- EXERCISE AIM: Leaving out the pictures, return word for word the stretch of entries below from the line holding "Chloé Chloe Lauren" through the line holding "50 plantillas de".

======== EXERCISE MATERIAL

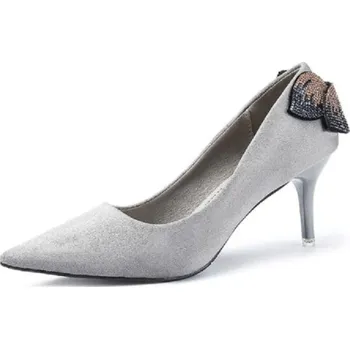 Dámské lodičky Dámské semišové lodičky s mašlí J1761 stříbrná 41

================
======== EXERCISE MATERIAL

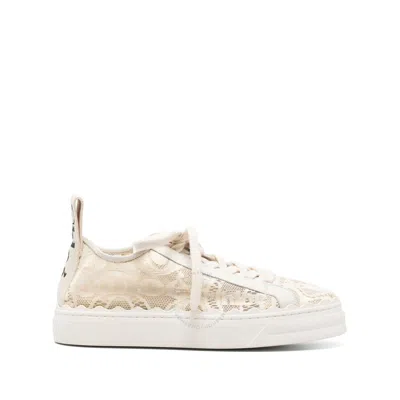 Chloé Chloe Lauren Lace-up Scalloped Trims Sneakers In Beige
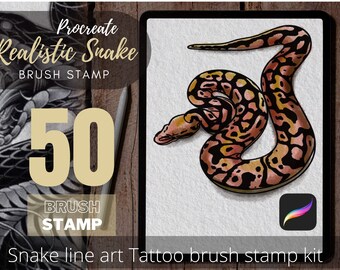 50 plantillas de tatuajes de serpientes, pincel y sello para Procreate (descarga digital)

================
======== EXERCISE MATERIAL

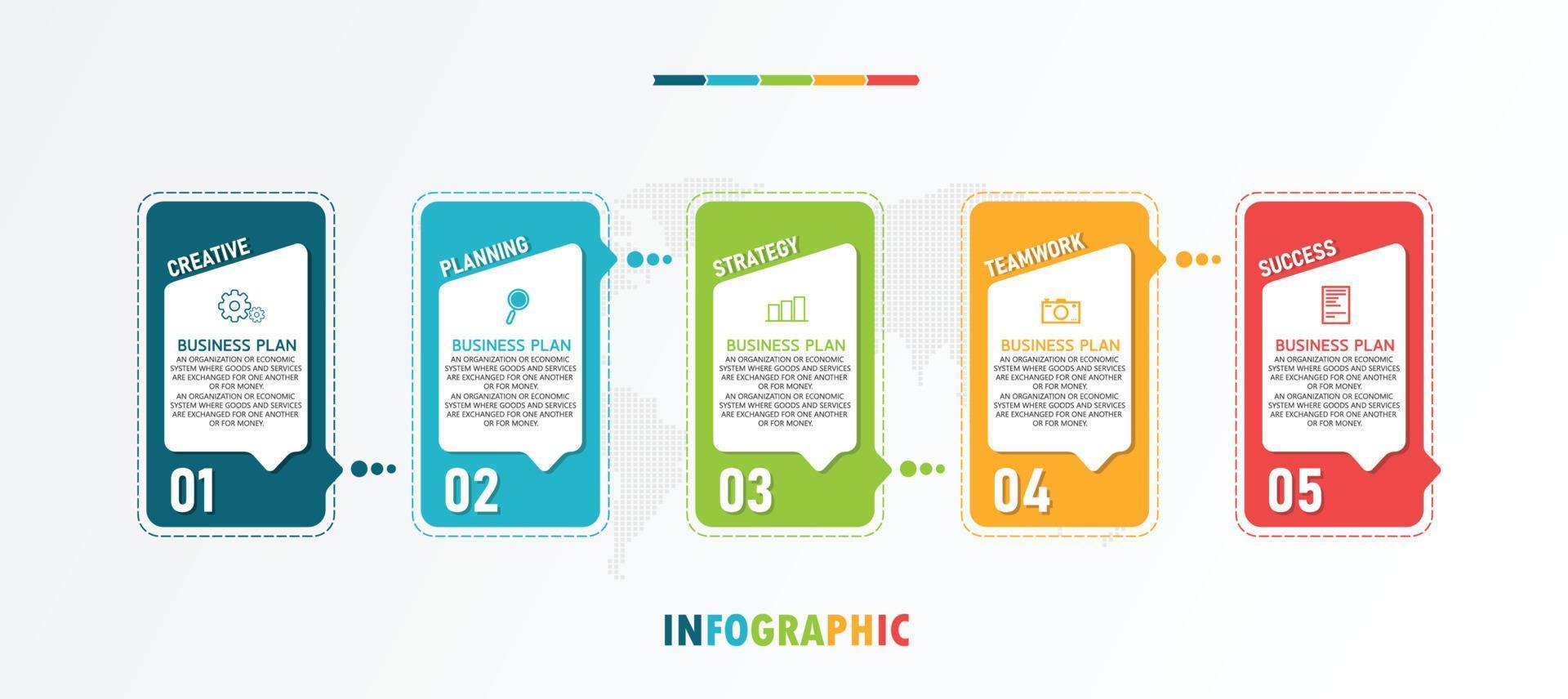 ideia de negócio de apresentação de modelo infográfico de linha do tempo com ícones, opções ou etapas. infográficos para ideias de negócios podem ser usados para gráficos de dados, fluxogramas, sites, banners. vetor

================

- SOLUTION TO THE EXERCISE:
 Chloé Chloe Lauren Lace-up Scalloped Trims Sneakers In Beige
 50 plantillas de tatuajes de serpientes, pincel y sello para Procreate (descarga digital)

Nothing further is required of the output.